[[ Records provided, beginning ]]

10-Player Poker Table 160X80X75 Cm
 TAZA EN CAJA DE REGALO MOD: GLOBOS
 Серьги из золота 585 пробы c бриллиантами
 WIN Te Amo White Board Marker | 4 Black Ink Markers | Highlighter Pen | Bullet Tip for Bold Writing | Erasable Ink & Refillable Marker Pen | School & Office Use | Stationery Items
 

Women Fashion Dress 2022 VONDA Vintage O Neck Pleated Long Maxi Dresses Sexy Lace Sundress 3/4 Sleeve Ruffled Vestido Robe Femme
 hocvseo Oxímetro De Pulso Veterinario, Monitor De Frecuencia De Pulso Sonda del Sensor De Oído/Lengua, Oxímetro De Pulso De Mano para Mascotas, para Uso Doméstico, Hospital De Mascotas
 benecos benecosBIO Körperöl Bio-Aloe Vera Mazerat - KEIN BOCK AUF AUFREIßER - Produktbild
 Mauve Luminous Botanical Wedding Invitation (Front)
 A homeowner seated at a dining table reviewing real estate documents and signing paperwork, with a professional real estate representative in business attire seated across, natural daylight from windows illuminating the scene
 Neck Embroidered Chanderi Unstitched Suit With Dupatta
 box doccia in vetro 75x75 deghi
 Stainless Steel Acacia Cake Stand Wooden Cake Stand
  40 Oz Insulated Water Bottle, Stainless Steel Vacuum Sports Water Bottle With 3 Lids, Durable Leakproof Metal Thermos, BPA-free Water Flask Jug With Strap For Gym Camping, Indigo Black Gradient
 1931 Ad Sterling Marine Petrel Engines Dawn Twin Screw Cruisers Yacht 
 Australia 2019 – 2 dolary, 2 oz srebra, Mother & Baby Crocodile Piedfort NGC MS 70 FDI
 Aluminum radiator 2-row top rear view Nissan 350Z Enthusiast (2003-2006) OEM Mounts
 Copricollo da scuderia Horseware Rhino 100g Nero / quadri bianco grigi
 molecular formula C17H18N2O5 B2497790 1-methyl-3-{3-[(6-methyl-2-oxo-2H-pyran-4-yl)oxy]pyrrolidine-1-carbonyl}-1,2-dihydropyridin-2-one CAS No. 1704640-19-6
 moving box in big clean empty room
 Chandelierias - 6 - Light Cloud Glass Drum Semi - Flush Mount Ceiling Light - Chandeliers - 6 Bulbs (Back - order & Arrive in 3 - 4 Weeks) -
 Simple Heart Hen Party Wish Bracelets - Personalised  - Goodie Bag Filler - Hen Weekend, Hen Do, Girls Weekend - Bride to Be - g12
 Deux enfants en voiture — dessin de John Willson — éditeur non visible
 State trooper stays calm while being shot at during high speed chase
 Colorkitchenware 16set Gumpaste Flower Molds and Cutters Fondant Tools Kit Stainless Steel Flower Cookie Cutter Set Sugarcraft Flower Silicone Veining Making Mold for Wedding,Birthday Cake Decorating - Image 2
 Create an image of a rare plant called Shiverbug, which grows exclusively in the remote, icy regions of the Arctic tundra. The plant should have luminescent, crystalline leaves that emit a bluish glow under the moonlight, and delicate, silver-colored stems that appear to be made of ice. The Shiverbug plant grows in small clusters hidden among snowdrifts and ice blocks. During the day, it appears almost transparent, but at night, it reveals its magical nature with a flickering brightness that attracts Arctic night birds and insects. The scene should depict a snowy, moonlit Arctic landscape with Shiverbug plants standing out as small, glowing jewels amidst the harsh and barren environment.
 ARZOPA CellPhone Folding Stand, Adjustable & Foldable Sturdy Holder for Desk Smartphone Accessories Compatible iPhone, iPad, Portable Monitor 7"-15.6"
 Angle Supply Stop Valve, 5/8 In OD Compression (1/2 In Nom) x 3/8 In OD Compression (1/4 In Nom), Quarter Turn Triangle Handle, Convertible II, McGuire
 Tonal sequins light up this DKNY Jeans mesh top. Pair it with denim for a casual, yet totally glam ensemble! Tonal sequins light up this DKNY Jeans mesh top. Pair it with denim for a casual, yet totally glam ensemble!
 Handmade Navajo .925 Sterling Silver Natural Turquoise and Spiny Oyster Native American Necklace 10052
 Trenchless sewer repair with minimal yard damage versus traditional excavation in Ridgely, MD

[[ Records provided, end ]]

▶ [Exercise directions]
Exactly the lines above from the one with "TAZA EN CAJA DE REGALO MOD: GLOBOS" to the one with "Stainless Steel Acacia", both included, are to be quoted; leave the rest out.

▶ [Output of the task]
 TAZA EN CAJA DE REGALO MOD: GLOBOS
 Серьги из золота 585 пробы c бриллиантами
 WIN Te Amo White Board Marker | 4 Black Ink Markers | Highlighter Pen | Bullet Tip for Bold Writing | Erasable Ink & Refillable Marker Pen | School & Office Use | Stationery Items
 

Women Fashion Dress 2022 VONDA Vintage O Neck Pleated Long Maxi Dresses Sexy Lace Sundress 3/4 Sleeve Ruffled Vestido Robe Femme
 hocvseo Oxímetro De Pulso Veterinario, Monitor De Frecuencia De Pulso Sonda del Sensor De Oído/Lengua, Oxímetro De Pulso De Mano para Mascotas, para Uso Doméstico, Hospital De Mascotas
 benecos benecosBIO Körperöl Bio-Aloe Vera Mazerat - KEIN BOCK AUF AUFREIßER - Produktbild
 Mauve Luminous Botanical Wedding Invitation (Front)
 A homeowner seated at a dining table reviewing real estate documents and signing paperwork, with a professional real estate representative in business attire seated across, natural daylight from windows illuminating the scene
 Neck Embroidered Chanderi Unstitched Suit With Dupatta
 box doccia in vetro 75x75 deghi
 Stainless Steel Acacia Cake Stand Wooden Cake Stand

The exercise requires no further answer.